=== Section Start ===

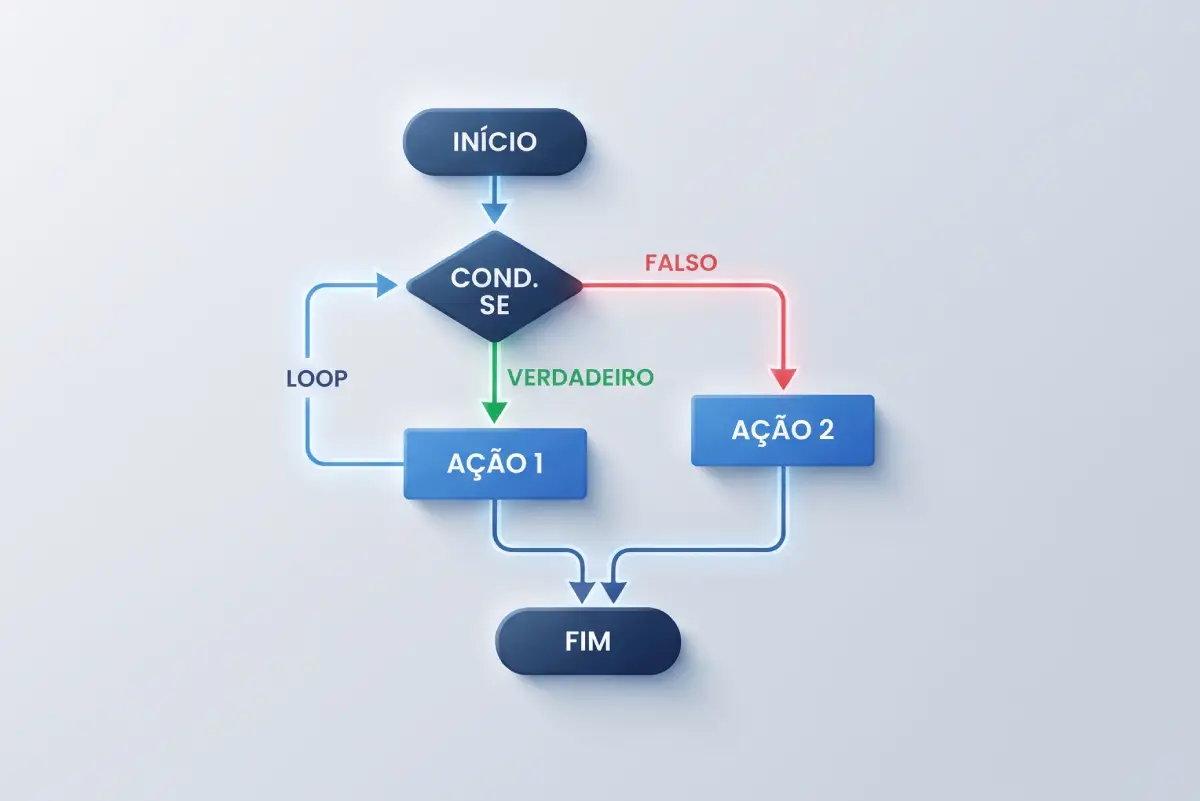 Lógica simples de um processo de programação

=== Section End ===
=== Section Start ===

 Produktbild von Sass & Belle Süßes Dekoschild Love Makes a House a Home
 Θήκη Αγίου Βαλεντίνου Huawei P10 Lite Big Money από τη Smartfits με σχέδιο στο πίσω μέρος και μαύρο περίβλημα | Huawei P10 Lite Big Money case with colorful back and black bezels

=== Section End ===

## [WHAT IS BEING ASKED]
From the entries above, print the lines beginning at the one with "Produktbild von Sass" and stopping after the one with "Θήκη Αγίου Βαλεντίνου", exactly as written and with nothing else.

## [TASK OUTPUT]
 Produktbild von Sass & Belle Süßes Dekoschild Love Makes a House a Home
 Θήκη Αγίου Βαλεντίνου Huawei P10 Lite Big Money από τη Smartfits με σχέδιο στο πίσω μέρος και μαύρο περίβλημα | Huawei P10 Lite Big Money case with colorful back and black bezels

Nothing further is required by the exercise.